Goal of the exercise: For each line below, write it out exactly as it appears.

Exercise input:
== == ==

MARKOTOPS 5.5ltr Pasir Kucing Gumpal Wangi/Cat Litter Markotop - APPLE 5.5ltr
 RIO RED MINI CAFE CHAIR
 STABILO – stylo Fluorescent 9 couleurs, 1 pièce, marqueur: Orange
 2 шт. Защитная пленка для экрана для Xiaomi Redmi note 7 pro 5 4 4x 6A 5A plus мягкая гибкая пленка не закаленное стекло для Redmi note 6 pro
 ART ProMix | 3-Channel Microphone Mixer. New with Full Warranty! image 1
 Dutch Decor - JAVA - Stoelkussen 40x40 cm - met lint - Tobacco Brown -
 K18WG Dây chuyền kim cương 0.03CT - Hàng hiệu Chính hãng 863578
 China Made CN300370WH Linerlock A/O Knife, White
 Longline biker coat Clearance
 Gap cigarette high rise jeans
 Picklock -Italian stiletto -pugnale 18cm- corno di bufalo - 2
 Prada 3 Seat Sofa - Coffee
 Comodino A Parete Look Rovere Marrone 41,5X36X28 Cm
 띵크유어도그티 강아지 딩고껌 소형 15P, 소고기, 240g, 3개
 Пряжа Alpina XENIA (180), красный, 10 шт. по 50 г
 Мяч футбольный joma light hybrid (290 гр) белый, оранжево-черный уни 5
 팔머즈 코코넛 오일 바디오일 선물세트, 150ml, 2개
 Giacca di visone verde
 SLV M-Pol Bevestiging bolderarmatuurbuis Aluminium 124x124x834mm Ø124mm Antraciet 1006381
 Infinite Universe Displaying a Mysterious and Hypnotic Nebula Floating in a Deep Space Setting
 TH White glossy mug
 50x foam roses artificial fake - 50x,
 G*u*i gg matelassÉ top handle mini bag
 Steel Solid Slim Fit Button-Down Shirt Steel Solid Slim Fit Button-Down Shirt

== == ==

Answer box:
MARKOTOPS 5.5ltr Pasir Kucing Gumpal Wangi/Cat Litter Markotop - APPLE 5.5ltr
 RIO RED MINI CAFE CHAIR
 STABILO – stylo Fluorescent 9 couleurs, 1 pièce, marqueur: Orange
 2 шт. Защитная пленка для экрана для Xiaomi Redmi note 7 pro 5 4 4x 6A 5A plus мягкая гибкая пленка не закаленное стекло для Redmi note 6 pro
 ART ProMix | 3-Channel Microphone Mixer. New with Full Warranty! image 1
 Dutch Decor - JAVA - Stoelkussen 40x40 cm - met lint - Tobacco Brown -
 K18WG Dây chuyền kim cương 0.03CT - Hàng hiệu Chính hãng 863578
 China Made CN300370WH Linerlock A/O Knife, White
 Longline biker coat Clearance
 Gap cigarette high rise jeans
 Picklock -Italian stiletto -pugnale 18cm- corno di bufalo - 2
 Prada 3 Seat Sofa - Coffee
 Comodino A Parete Look Rovere Marrone 41,5X36X28 Cm
 띵크유어도그티 강아지 딩고껌 소형 15P, 소고기, 240g, 3개
 Пряжа Alpina XENIA (180), красный, 10 шт. по 50 г
 Мяч футбольный joma light hybrid (290 гр) белый, оранжево-черный уни 5
 팔머즈 코코넛 오일 바디오일 선물세트, 150ml, 2개
 Giacca di visone verde
 SLV M-Pol Bevestiging bolderarmatuurbuis Aluminium 124x124x834mm Ø124mm Antraciet 1006381
 Infinite Universe Displaying a Mysterious and Hypnotic Nebula Floating in a Deep Space Setting
 TH White glossy mug
 50x foam roses artificial fake - 50x,
 G*u*i gg matelassÉ top handle mini bag
 Steel Solid Slim Fit Button-Down Shirt Steel Solid Slim Fit Button-Down Shirt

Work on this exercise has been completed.